A couple of my pics from this afternoon:

----------


## Anji

[quote=cazmanian_minx;398430]I think I'm going to have to go to Wick and load up with the 25kg bags from Pets At Home once a month!

A couple of my pics from this afternoon:

Great photos!
In fact, the big bags of bird food from Pets At Home usually work out more expensive per kilo than the one kilo bags in the paper shop in Bridge Street, Wick.  Unfortunately, the paper shop doesn't sell niger seeds, and they attract some colourful birds.
By the way, don't tell my OH, but I often have to replenish my stocks midweek as well.  You wouldn't think such little creatures could eat so much.

----------


## the_count

> Birds will go anywhere there is food (unless there's a cat around!). Why wait until later in the year? They need lots of food just now as many are still feeding fledglings.


 And therein lies the problem lol we have two cats and they love to sit on the windowsill especially if i put bread out for the gulls .... just wish i had filmed the herring gull ginger cat confrontation lol once the gull realised it was safe ish it was beak to nose with the cat lol .... so funny  ::

----------


## Anji

> And therein lies the problem lol we have two cats and they love to sit on the windowsill especially if i put bread out for the gulls .... lol ....


Ah, well, best give it a miss then.  Otherwise you'll end up feeding the cats rather than the birds.

----------


## cazmanian_minx

> In fact, the big bags of bird food from Pets At Home usually work out more expensive per kilo than the one kilo bags in the paper shop in Bridge Street, Wick. Unfortunately, the paper shop doesn't sell niger seeds, and they attract some colourful birds.
> By the way, don't tell my OH, but I often have to replenish my stocks midweek as well. You wouldn't think such little creatures could eat so much.


Oh, good tip, thank you very much  :Grin: 

Don't worry, your secret is safe with me - should we start up bird seed anonymous??! ::

----------


## Anji

Good idea!  We can't be the only people harbouring this guilty secret.  Were you thinking of weekly meetings where newcomers  could come out in the open and admit that most of their weekly income was spent on bird food, or would it be better to have small meetings on an irregular basis, in cafes etc, where bags of seed could be passed under the table?

----------


## Kevin Milkins

> Good idea! We can't be the only people harbouring this guilty secret. Were you thinking of weekly meetings where newcomers could come out in the open and admit that most of their weekly income was spent on bird food, or would it be better to have small meetings on an irregular basis, in cafes etc, where bags of seed could be passed under the table?

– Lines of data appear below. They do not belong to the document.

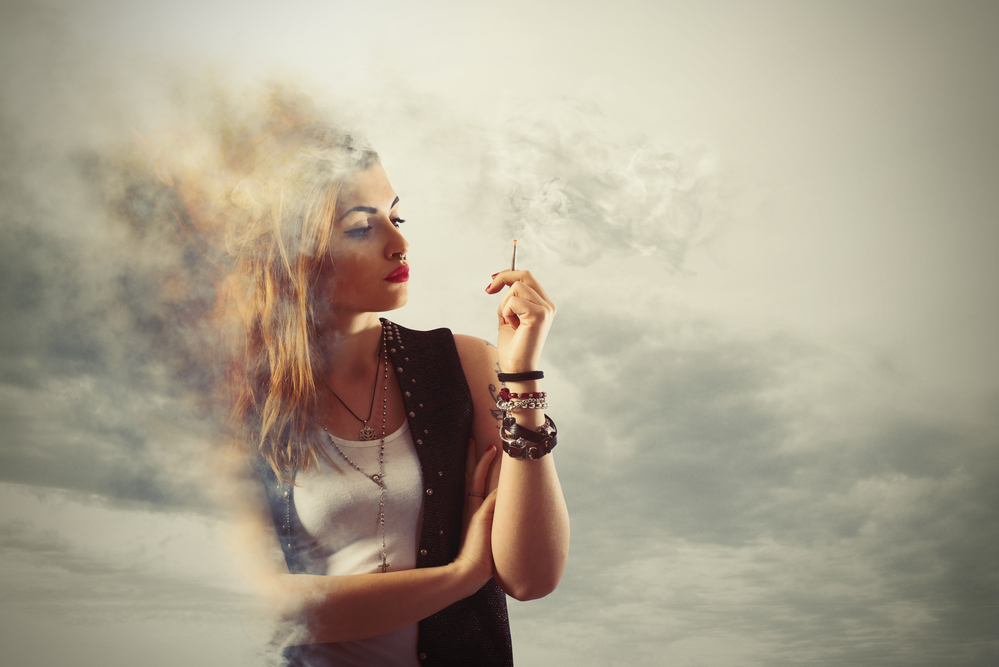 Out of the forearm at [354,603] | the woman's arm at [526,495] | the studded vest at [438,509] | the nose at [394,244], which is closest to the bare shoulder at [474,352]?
the studded vest at [438,509]

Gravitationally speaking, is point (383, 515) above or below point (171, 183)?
below

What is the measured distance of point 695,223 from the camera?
189cm

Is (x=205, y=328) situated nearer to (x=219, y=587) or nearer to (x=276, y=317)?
(x=276, y=317)

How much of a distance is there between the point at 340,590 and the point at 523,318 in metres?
Result: 0.53

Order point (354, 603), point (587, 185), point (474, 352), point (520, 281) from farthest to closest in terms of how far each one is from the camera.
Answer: point (587, 185) → point (474, 352) → point (520, 281) → point (354, 603)

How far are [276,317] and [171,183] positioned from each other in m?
0.29

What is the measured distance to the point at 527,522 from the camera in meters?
1.14

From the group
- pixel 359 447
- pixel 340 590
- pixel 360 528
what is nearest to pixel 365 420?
pixel 359 447

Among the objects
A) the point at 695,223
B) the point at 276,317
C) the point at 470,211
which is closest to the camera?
the point at 276,317

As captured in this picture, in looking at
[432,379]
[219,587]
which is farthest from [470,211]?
[219,587]

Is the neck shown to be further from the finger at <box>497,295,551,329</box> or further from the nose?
the finger at <box>497,295,551,329</box>

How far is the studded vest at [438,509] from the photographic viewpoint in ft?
3.81

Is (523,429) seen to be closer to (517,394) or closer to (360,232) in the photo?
(517,394)

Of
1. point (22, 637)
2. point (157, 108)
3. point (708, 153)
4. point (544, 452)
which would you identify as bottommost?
point (22, 637)
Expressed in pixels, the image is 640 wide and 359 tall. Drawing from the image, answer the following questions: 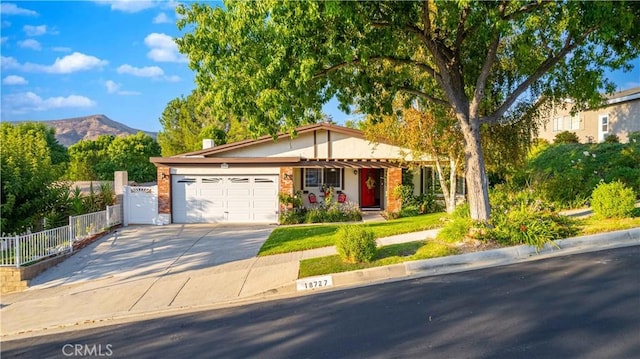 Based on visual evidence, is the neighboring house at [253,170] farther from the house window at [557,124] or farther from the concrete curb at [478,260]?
the house window at [557,124]

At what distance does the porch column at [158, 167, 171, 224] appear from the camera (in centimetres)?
1842

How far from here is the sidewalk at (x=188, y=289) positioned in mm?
7922

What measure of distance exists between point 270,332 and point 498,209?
7842 mm

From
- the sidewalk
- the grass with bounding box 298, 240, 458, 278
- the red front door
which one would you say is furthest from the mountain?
the grass with bounding box 298, 240, 458, 278

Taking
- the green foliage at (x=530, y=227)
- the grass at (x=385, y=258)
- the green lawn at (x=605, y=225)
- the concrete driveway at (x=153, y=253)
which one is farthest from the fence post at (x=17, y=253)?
the green lawn at (x=605, y=225)

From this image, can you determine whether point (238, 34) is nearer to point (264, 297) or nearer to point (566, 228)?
point (264, 297)

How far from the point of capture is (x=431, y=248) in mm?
9555

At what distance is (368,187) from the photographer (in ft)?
69.1

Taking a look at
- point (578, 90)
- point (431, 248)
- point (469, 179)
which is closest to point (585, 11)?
point (578, 90)

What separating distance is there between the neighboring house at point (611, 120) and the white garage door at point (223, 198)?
12.6 metres

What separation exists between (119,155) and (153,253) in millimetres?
36849

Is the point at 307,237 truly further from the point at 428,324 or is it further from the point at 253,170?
the point at 428,324

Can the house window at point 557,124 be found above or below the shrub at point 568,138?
above

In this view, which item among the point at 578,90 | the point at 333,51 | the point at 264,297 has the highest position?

So thats why I am always skint and the fatest birds in parish are all in my garden. ::

----------


## cazmanian_minx

> Good idea!  We can't be the only people harbouring this guilty secret.  Were you thinking of weekly meetings where newcomers  could come out in the open and admit that most of their weekly income was spent on bird food, or would it be better to have small meetings on an irregular basis, in cafes etc, where bags of seed could be passed under the table?



 :: 

"My name is Caroline and I'm addicted to feeding garden birds"!

----------


## Anji

See, that's three of us already.  I wonder how many more of us poor souls are out there.

----------


## Liz

Okay I confess I spend a fortune on my 'addiction' of feeding the wild birds!  :: 

I hate to think how much I actually spend but go through about three 25kg of mixed seed per month and then there are the sunflower seed,peanuts and now dried mealworms! ::  In the winter they also get fat balls(no wonder with all the food they're eating!lol)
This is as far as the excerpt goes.